Appears I stand corrected. This is 20 mins long but worth the watch.


----------



## Mark K

The recertification form/program has multiple problems from the perspective of the engineer performing the inspections.

Engineers do not certify buildings,  rather they express professional opinions.  Certifications have great impact on professional liability insurance premiums. and increase liability exposure.  This does not prevent the engineer from identifying likely problem areas and making recommendations.

The document does not include any objective criteria as to what is structurally safe thus making it difficult for the engineer to make a statement regarding  structural safety.  Structural safety is often times very subjective.  Note that the building code does not require a statement that the building is structurally safe.

The discussion following the form can more appropriately be characterized a a rambling collection of random thoughts. 

The form does not give any indication of the criteria the building official will use in evaluating the report.  What constitutes good, fair, or poor condition when filling out the report form.


----------



## chris kennedy

This is an interesting pic. Note the slab punch through on the column. I may be just an electrician but I have installed so much conduit in these type of structures that the amount of reinforcing steel sticking out of this column just seems to be less than what I'm used to working around.


----------



## jar546

Perspective and discussion:


----------



## jar546

More information to digest and evaluate.  We may wait months for the official report on the cause of the collapse, but in the meantime, a healthy, professional discussion can take place.



			https://www.miamiherald.com/news/local/community/miami-dade/miami-beach/article252421658.html


----------



## e hilton

L I


jar546 said:


> As a Building Official, I don't like the way this is worded.
> 
> 
> 
> 
> 
> 
> 
> 
> 
> 40-Year Recertification Program
> 
> 
> The Town of Surfside is a beautiful pedestrian-friendly oceanfront community located in South Florida's subtropical paradise. Surfside is home to nearly 6,000 residents and has an attractive residential neighborhood featuring multi-family condominium and apartment buildings, and a charming...
> 
> 
> 
> 
> www.townofsurfsidefl.gov


I don’t see the issue.  The city sends a notice; the owner engages an architect/engineer; the engineer inspects the building using guidelines from Miami Dade county; if the inspection is not done in time or if the results don’t meet M-D guidelines the BO can declare it to be unsafe and pass it to the M-D County Unsafe Structures Board.  I would bet there would be a huge percentage of referrals to the county.  
.
That web page has horrible grammar.


----------



## Msradell

chris kennedy said:


> This is an interesting pic. Note the slab punch through on the column. I may be just an electrician but I have installed so much conduit in these type of structures that the amount of reinforcing steel sticking out of this column just seems to be less than what I'm used to working around.
> 
> View attachment 8022


I'm having a hard time picturing what that rebar was doing.
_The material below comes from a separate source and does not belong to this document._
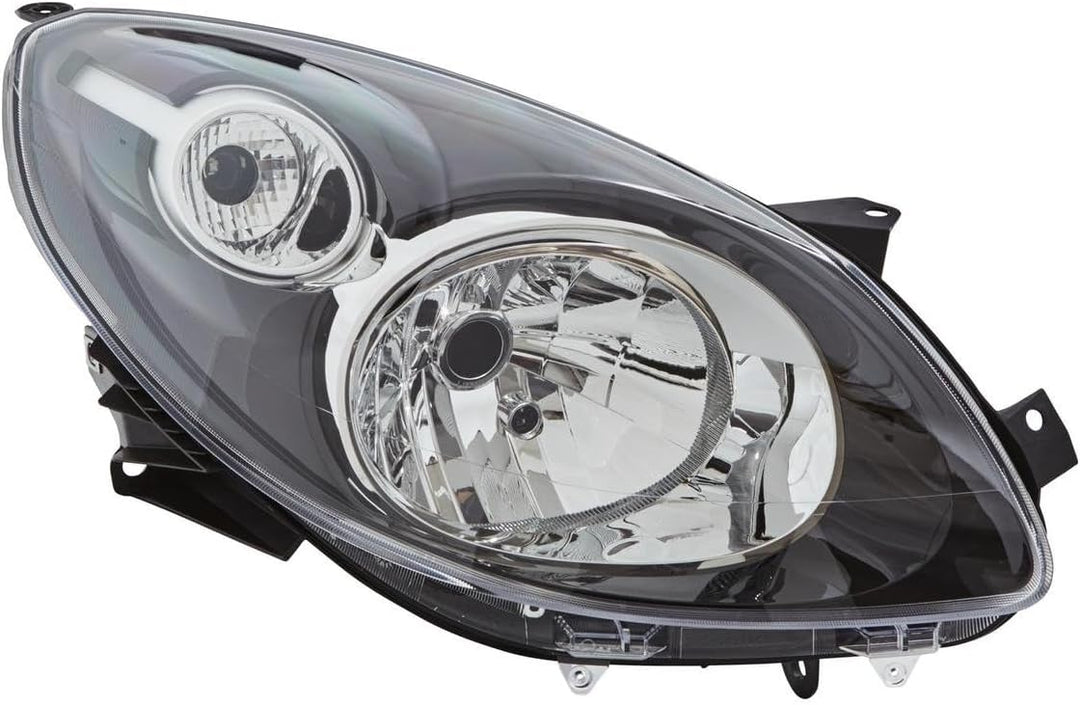 HELLA 1E7 271 510-361 FF Scheinwerfer - für u.a. Renault Twingo II (CN0_) - schwarz - ECE - für Rech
I initially thought it supporters the deck but then the overall view shows that it wasn't. They certainly didn't pop out of that column and I'm sure the column have much more rebar in it than that based on some of the drawings we've seen elsewhere.


----------



## chris kennedy

I was right the first time. Not PT. Conventional double mat slabs.


----------



## rktect 1

Msradell said:


> I'm having a hard time picturing what that rebar was doing. I initially thought it supporters the deck but then the overall view shows that it wasn't. They certainly didn't pop out of that column and I'm sure the column have much more rebar in it than that based on some of the drawings we've seen elsewhere.


The columns look to be intact at 72/73.  I think that rebar is just pulled out from the parking slab that dropped four or five feet leaving the rebar looking like it is part of the column.


----------



## jar546

Mark K said:


> The recertification form/program has multiple problems from the perspective of the engineer performing the inspections.
> 
> Engineers do not certify buildings,  rather they express professional opinions.  Certifications have great impact on professional liability insurance premiums. and increase liability exposure.  This does not prevent the engineer from identifying likely problem areas and making recommendations.
> 
> The document does not include any objective criteria as to what is structurally safe thus making it difficult for the engineer to make a statement regarding  structural safety.  Structural safety is often times very subjective.  Note that the building code does not require a statement that the building is structurally safe.
> 
> The discussion following the form can more appropriately be characterized a a rambling collection of random thoughts.
> 
> The form does not give any indication of the criteria the building official will use in evaluating the report.  What constitutes good, fair, or poor condition when filling out the report form.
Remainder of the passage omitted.